Desenvolve métodos avançadas para tentar dar conta da criação de meios para que não se sinta a carência de ninguém e não sinta a falta de nada. Através de tecnologias aperfeiçoadas, cria aparelhos que o mantém interligado constantemente com o outro, para que não sinta que está distante, ou esqueça que perdeu.
Na medicina, cria técnicas de cirurgias plásticas cada vez mais eficazes para afastar a verdade de que seu corpo está perdendo a juventude e decaindo com a idade.
Por meio de medicamentos psiquiátricos também simula uma sanidade para afastar a realidade de seu desequilíbrio mental. Isso quando não despreza experiências fundamentais e num funcionamento esquizofrênico desvaloriza aquilo que na realidade nunca pode ter. Desdenha justamente por nunca ter vivido. Vínculos fundamentais como os com a mãe, ou com o pai, perdem o valor. Na realidade essas figuras fundamentais nunca estiveram ali, perder o que (ou quem), então?

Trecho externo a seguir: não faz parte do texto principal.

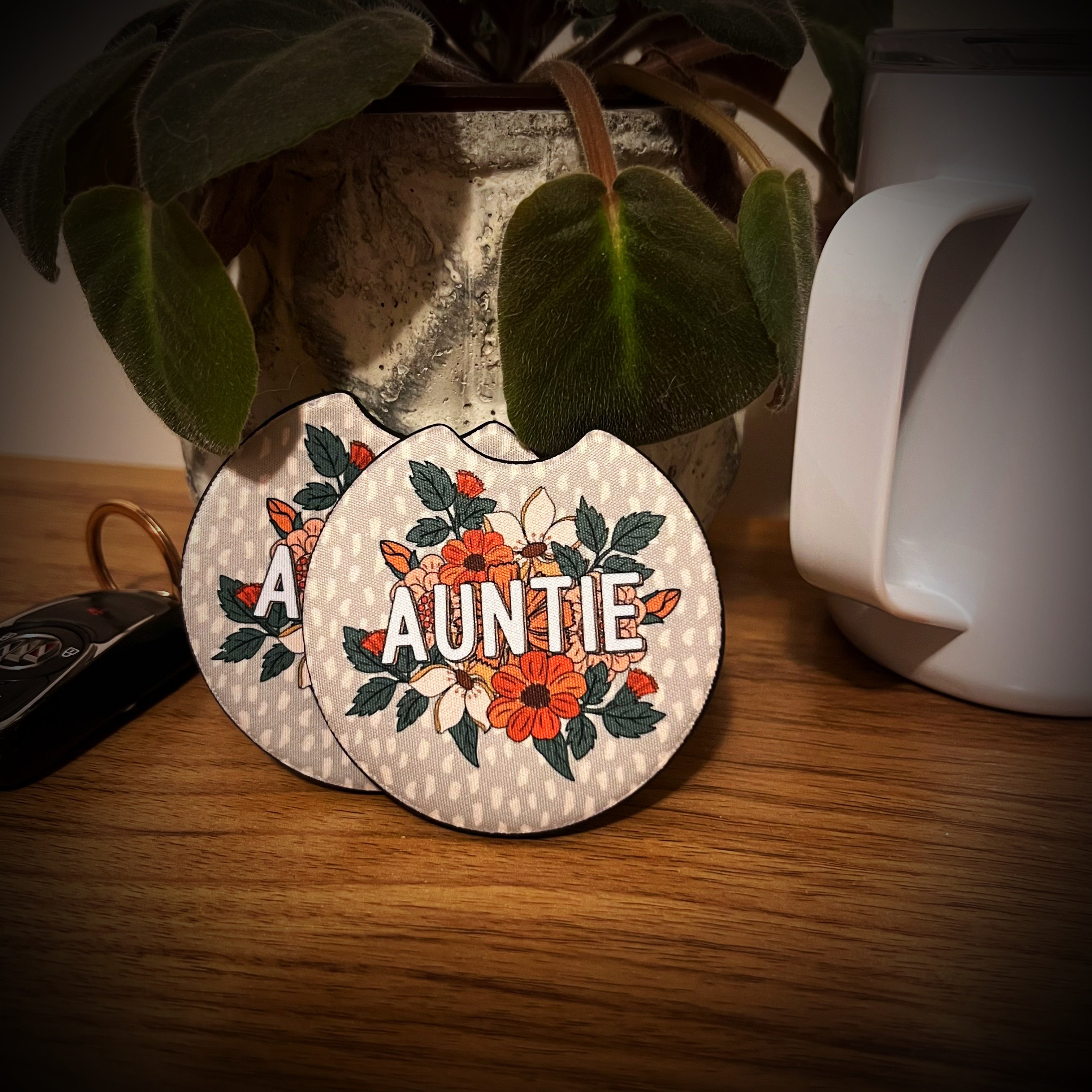 auntie car coasters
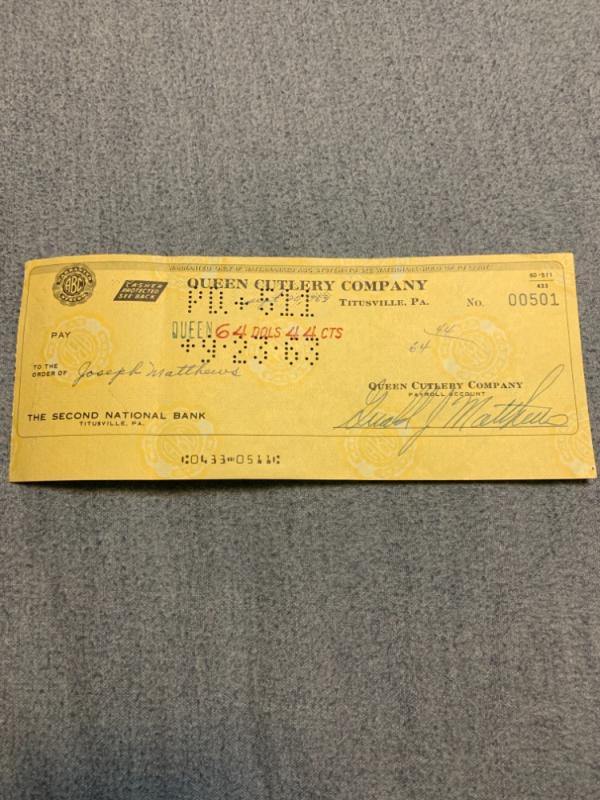 Queen Cutlery Check Invoice from 1963 Queen Cutlery Check Invoice from 1963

Esforçando-se então no intuito de uma tarefa danosa ao funcionamento saudável da mente, ele busca soluções para construir uma pseudo-realidade onde não se perde mais nada e também não se sente mais falta de ninguém.





Bion,W. R. [1952]. Uma teoria sobre o pensar. In: Estudos psicanalíticos revisados – Second thoughts. Rio de Janeiro: Imago, 1994.


Martino, R. D. Para Além da Clínica. São Paulo: Inteligencia 3, 2011.